■ **WHAT IS NEEDED**
The required output is the exact run of lines below that opens at the line with "Bagerste diffuser Maserati Quattroporte Mk6" and closes at the line with "Blue Waterproof Sheet".

+ + + +

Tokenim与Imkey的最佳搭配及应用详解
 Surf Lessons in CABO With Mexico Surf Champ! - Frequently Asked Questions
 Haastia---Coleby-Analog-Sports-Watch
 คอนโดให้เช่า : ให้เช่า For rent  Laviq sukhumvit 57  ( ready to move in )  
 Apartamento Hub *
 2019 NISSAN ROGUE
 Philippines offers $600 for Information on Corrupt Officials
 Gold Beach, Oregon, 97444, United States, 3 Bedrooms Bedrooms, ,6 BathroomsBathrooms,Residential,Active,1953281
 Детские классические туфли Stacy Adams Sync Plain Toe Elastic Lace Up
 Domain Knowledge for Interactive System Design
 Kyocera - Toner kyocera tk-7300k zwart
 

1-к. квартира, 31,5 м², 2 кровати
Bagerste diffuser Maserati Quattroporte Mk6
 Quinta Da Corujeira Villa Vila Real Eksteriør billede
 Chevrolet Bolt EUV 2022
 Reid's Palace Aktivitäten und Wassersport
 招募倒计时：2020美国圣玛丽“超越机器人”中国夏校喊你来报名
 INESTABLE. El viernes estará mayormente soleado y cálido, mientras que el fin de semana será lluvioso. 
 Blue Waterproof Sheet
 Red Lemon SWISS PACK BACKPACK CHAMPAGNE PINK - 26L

+ + + +

■ **ANSWER SPACE**
Bagerste diffuser Maserati Quattroporte Mk6
 Quinta Da Corujeira Villa Vila Real Eksteriør billede
 Chevrolet Bolt EUV 2022
 Reid's Palace Aktivitäten und Wassersport
 招募倒计时：2020美国圣玛丽“超越机器人”中国夏校喊你来报名
 INESTABLE. El viernes estará mayormente soleado y cálido, mientras que el fin de semana será lluvioso. 
 Blue Waterproof Sheet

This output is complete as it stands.